Provopoulos stated that he had an in-depth discussion with the Papandreou and his ministers, pointing out that he briefed them on the discussions held within the framework of the International Monetary Fund (IMF)-World Bank annual meeting in Istanbul and on the alarming fiscal developments, focusing on ways to solve the existing problems.

His meeting with the senior Government figures came after Provopoulos took part in the annual meeting of the International Monetary Fund and the World Bank in Istanbul earlier in the week.

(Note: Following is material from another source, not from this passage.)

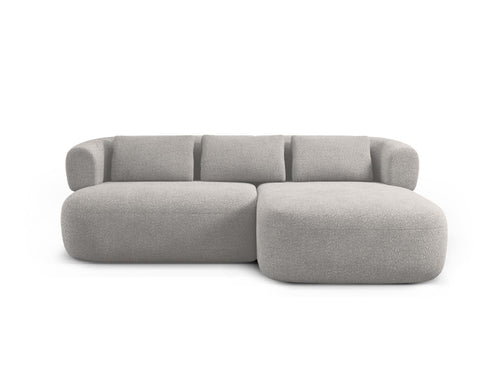 Micadoni rechter hoekbank Jenny 5-zits, boucle lichtgrijs - 145x200x73cm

Provopoulos said in Istanbul that the strong parliamentary majority enjoyed by the new elected Papandreou government will enable it to move ahead with much needed reforms but warned that the budget deficit will be considerably higher than the 6 percent mark.

Provopoulos said a reform program can be combined with a growth agenda for the 250-billion-euro economy.

“The broad support the newly elected government has received will help it enormously to implement a needed program of reforms,” he said.

Asked about the expected level of the budget deficit for 2009, Provopoulos said it appears to be moving above 10 percent of gross domestic product.

The Economy and Finance Ministry had said before the elections that the budget deficit is projected at around 6 percent of GDP, versus a previous forecast of 3.7 percent.

The Greek government last week submitted its latest estimates for the 2009 budget to the European Commission. Brussels is expected to publish its own estimates on the Greek budget and economy in the Commission’s fall report on November 3.

The head of the country’s central bank added that Greece needs to take steps to boost its competitiveness in order to maintain the high growth rates seen in the past.

In order to boost competitiveness and overcome problems in the economy, a long-term fiscal reform plan is needed that will help the government borrow at cheaper rates and boost private sector investments, he said.